On August 30, 1983, the Space Shuttle Challenger launched on mission STS-8. Astronauts Richard Truly, Daniel Brandenstein, Dale Gardner, Guion Bluford (first U.S. black man in space), and William Thornton made up the crew. The mission launched the Insat-1B satellite (a multipurpose satellite for India) and was the first shuttle launch in the dark and the first shuttle landing in the dark.

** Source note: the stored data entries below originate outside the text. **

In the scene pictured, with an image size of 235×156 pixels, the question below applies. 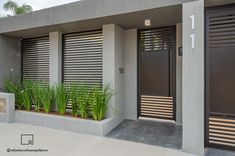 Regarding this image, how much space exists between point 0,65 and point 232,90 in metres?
7.62

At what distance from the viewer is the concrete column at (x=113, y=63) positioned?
5.19 metres

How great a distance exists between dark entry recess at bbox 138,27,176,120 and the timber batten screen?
12.4 ft

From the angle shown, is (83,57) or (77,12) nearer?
(77,12)

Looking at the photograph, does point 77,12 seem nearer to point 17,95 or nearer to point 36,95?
point 36,95

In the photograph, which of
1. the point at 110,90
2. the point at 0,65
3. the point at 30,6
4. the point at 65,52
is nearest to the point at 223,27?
the point at 110,90

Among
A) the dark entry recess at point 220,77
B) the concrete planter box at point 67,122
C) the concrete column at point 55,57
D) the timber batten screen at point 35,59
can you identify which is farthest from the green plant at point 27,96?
the dark entry recess at point 220,77

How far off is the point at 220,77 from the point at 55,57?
5.25 metres

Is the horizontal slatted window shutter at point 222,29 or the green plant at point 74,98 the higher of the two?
the horizontal slatted window shutter at point 222,29

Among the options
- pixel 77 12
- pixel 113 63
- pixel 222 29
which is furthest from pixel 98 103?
pixel 222 29

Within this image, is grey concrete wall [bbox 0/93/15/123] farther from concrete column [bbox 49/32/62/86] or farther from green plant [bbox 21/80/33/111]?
concrete column [bbox 49/32/62/86]

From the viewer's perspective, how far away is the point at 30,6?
14.3m

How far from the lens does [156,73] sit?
559 cm

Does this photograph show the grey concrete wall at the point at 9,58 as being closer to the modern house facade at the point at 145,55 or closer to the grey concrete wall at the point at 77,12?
the modern house facade at the point at 145,55

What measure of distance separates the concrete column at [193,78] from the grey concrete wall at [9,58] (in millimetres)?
6673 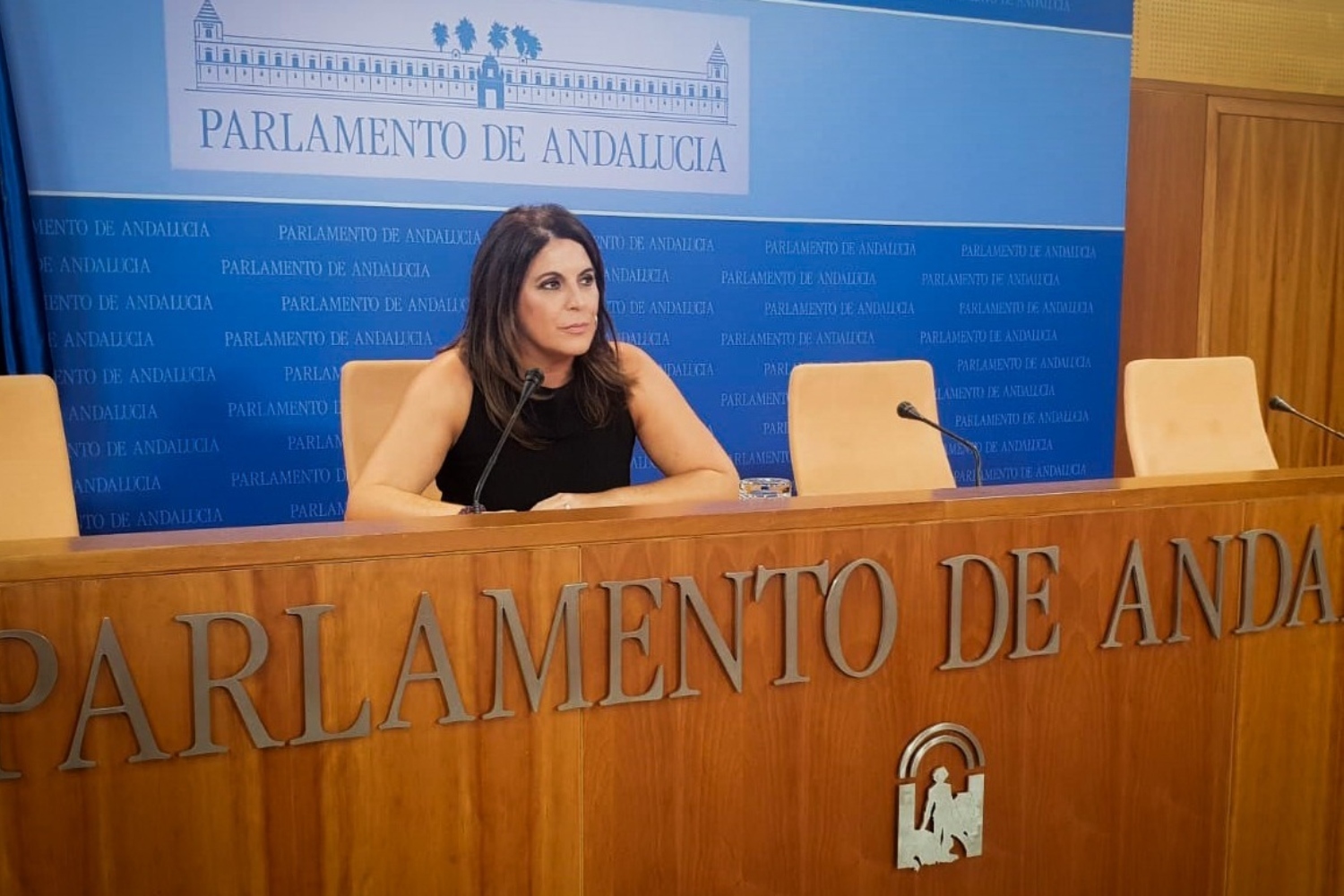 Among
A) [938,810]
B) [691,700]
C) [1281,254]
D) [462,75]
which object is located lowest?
[938,810]

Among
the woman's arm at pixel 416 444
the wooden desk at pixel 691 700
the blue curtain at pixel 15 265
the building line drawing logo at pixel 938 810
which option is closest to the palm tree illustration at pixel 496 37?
the blue curtain at pixel 15 265

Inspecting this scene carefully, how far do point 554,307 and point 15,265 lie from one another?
1.90m

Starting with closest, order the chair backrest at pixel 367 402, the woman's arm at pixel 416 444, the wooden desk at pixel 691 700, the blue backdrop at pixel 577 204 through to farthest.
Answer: the wooden desk at pixel 691 700
the woman's arm at pixel 416 444
the chair backrest at pixel 367 402
the blue backdrop at pixel 577 204

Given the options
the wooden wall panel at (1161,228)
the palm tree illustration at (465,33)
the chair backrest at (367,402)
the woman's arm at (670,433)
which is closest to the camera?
the woman's arm at (670,433)

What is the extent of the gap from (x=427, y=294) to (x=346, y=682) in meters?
2.78

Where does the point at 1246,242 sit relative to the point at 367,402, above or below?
above

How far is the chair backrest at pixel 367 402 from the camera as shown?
2.64 m

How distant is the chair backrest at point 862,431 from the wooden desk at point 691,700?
4.20 ft

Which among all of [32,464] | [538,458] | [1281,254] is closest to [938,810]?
[538,458]

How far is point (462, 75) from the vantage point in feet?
12.3

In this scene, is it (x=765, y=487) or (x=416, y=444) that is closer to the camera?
(x=416, y=444)

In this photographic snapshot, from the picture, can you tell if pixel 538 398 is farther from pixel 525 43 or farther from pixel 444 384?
pixel 525 43

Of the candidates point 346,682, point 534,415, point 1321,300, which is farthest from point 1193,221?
point 346,682

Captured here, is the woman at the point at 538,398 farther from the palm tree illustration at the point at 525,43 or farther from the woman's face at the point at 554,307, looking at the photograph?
the palm tree illustration at the point at 525,43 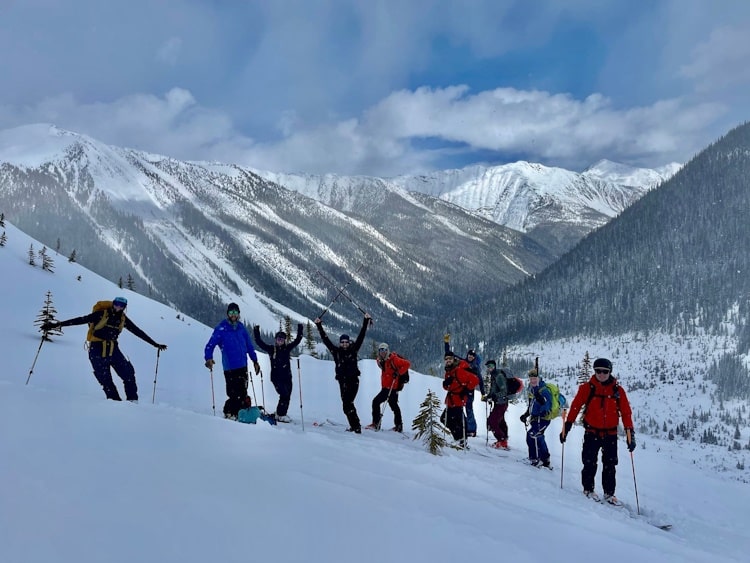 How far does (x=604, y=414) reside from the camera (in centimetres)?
973

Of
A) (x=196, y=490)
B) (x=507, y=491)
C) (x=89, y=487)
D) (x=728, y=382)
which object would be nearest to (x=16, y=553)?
(x=89, y=487)

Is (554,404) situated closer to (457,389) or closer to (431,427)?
(457,389)

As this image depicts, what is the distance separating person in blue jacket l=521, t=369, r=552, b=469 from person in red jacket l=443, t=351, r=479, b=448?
5.57 ft

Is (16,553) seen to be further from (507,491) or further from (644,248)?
(644,248)

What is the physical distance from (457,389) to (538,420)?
2.39m

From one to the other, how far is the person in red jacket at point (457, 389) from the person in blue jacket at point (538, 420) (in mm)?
1699

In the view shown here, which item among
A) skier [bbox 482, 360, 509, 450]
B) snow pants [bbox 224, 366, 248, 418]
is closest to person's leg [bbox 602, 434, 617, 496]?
skier [bbox 482, 360, 509, 450]

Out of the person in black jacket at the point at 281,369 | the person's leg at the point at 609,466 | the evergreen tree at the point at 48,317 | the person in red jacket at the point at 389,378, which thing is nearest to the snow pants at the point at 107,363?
the person in black jacket at the point at 281,369

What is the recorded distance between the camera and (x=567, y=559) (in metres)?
4.66

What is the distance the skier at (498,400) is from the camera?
15.2 metres

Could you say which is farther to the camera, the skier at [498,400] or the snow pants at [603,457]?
the skier at [498,400]

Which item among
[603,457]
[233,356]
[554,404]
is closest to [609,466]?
[603,457]

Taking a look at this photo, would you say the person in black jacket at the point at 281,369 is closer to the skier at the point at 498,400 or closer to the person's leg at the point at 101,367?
the person's leg at the point at 101,367

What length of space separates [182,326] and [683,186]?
650 feet
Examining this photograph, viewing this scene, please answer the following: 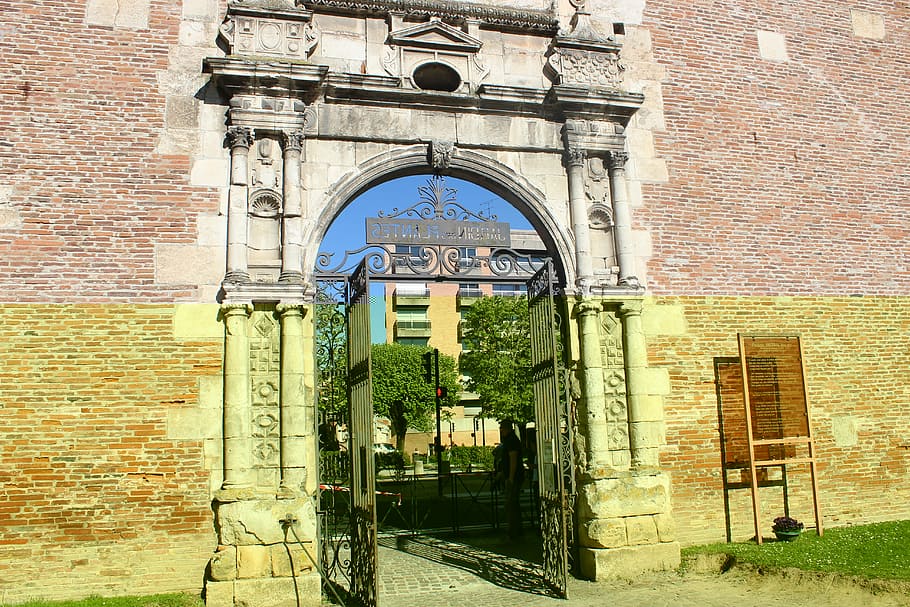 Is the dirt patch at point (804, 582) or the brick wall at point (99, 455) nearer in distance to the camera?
the dirt patch at point (804, 582)

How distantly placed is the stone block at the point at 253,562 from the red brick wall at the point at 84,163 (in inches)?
102

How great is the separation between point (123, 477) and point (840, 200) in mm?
9466

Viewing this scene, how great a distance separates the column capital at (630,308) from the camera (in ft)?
26.5

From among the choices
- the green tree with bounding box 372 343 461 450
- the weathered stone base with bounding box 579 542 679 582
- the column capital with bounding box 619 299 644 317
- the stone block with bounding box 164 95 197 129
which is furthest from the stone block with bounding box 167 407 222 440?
the green tree with bounding box 372 343 461 450

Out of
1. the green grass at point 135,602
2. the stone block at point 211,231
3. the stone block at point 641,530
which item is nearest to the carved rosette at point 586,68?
the stone block at point 211,231

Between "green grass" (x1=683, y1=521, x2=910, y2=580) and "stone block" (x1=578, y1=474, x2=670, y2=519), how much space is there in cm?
79

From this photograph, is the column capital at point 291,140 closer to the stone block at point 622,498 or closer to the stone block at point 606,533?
the stone block at point 622,498

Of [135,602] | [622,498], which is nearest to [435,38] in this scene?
[622,498]

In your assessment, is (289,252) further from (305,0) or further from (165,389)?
(305,0)

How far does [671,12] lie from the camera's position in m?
9.43

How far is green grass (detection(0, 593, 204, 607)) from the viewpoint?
6309 millimetres

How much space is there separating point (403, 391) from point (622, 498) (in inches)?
904

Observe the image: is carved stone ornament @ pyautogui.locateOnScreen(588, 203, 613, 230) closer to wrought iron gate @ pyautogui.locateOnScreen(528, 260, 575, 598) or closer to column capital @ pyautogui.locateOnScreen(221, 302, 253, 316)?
wrought iron gate @ pyautogui.locateOnScreen(528, 260, 575, 598)

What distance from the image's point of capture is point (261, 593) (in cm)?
653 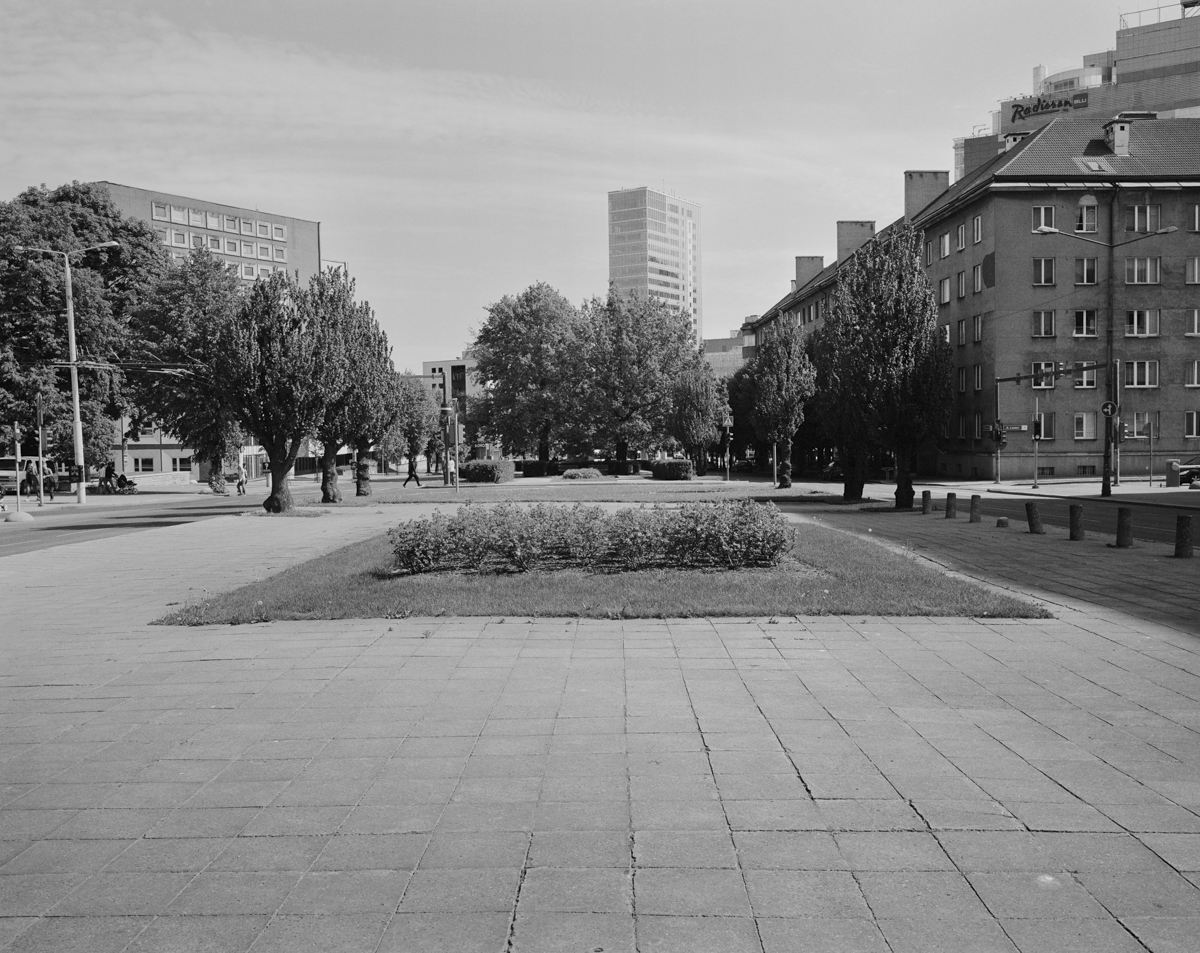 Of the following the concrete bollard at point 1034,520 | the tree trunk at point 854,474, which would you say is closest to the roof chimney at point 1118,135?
the tree trunk at point 854,474

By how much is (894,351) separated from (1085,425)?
29.8 m

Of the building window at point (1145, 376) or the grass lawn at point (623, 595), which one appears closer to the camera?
the grass lawn at point (623, 595)

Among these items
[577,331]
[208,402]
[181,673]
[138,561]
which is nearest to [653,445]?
[577,331]

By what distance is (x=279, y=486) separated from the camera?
28.9m

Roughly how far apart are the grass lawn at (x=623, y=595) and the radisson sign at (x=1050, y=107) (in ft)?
360

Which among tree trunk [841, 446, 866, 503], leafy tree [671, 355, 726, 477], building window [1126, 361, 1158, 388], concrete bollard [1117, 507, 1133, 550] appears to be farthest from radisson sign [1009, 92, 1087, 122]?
concrete bollard [1117, 507, 1133, 550]

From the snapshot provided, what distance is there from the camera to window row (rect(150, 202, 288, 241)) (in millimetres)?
98312

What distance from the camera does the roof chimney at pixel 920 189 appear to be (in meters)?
67.4

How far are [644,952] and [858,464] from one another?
31402 millimetres

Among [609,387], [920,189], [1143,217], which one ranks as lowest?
[609,387]

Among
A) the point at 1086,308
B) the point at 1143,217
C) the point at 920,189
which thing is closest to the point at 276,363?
the point at 1086,308

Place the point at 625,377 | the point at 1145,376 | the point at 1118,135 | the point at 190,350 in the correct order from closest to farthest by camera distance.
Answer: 1. the point at 190,350
2. the point at 1145,376
3. the point at 1118,135
4. the point at 625,377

Other mission highlights (edited into bullet format),

– the nose of orbiter was held away from the sun for 14 hours to test the flight deck area in extreme cold
– the crew filmed performance of an experimental heat pipe mounted in the cargo bay
– the orbiter dropped to 139 miles altitude to perform tests on thin atomic oxygen to identify the cause of glow that surrounds parts of the orbiter at night
– the remote manipulator system was tested to evaluate joint reactions to higher loads
– six rats were flown in the Animal Enclosure Module to observe animal reactions in space
– testing was conducted between the Tracking and Data Relay Satellite-I (TDRS-1) and the orbiter using a Ku-band antenna
– investigations continued on the Space Adaptation Syndrome

[BREAK, BREAK]

In other news, Dragon*Con is going fine. I got to visit with several of my writing friends at supper last night, and I’ll be leaving in a little while for Day 2 (featuring the ever-popular Baen slide show).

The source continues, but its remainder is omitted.